Janet and Connie exchanged looks. Connie’s smile at her friend told me I’d passed the test-for at least one night. Saturday at Sneaky Pete’s, the options were limited.
Janet gave Connie a glance that I didn’t at first understand, until Connie straightened herself, her breasts distorting Marilyn Monroe’s image but not in a bad way, and said, “You know…I see a guy over there who’s just cute enough to interest me, and drunk enough to think likewise…”
She got up and out of the booth less graceful than a ballet dancer, but more fun to watch.
Janet gave me a sideways look. “Now you’ll think that’s how I spend my weekends.”
“What is?”
“You know. Picking guys up.”
I offered half a smile. “Have I been?”
Her hands were draped around the Coke glass like it was the Silver Chalice. “It’s just…I never had anybody do anything so… sweet for me, before.”
“Sweet like pound the piss out of your boyfriend?”
I expected a laugh, but what I got was: “Exactly…I’m not really the type to, I don’t know…hit the bars on a Saturday night.”
“I know.”
Her eyebrows tensed with curiosity. “You do?”
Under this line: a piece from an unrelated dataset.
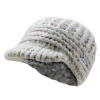 DAKINE Remix Beanie - Women's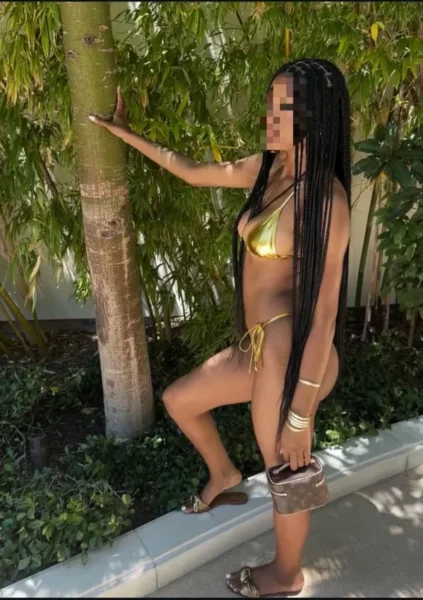 Susana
“Today was your day off, right?”
Mildly surprised, Janet said, “Right.”
I shrugged. “You cleaned all morning, did laundry all afternoon, and then you listened to music or maybe read, a while. You fell asleep and were almost late to go out with your girlfriend.”
Astonished, she said, “My God-are you psychic?”
“No.” I toasted her with my beer glass. “I’m shadowing you.”
That got a smile and a laugh out of her. The truth will do that.
She was shaking her head. “I’m just not good at this. The game. The ritual. The small talk’s all so…”
“Small,” I said.
“I guess…I’ve always been kind of shy, frankly. A loner.”
“Me, I’m a people person.”
Another smile. “Oh, yeah, I can see that,” she said.
“You often…gravitate toward people like Rick?”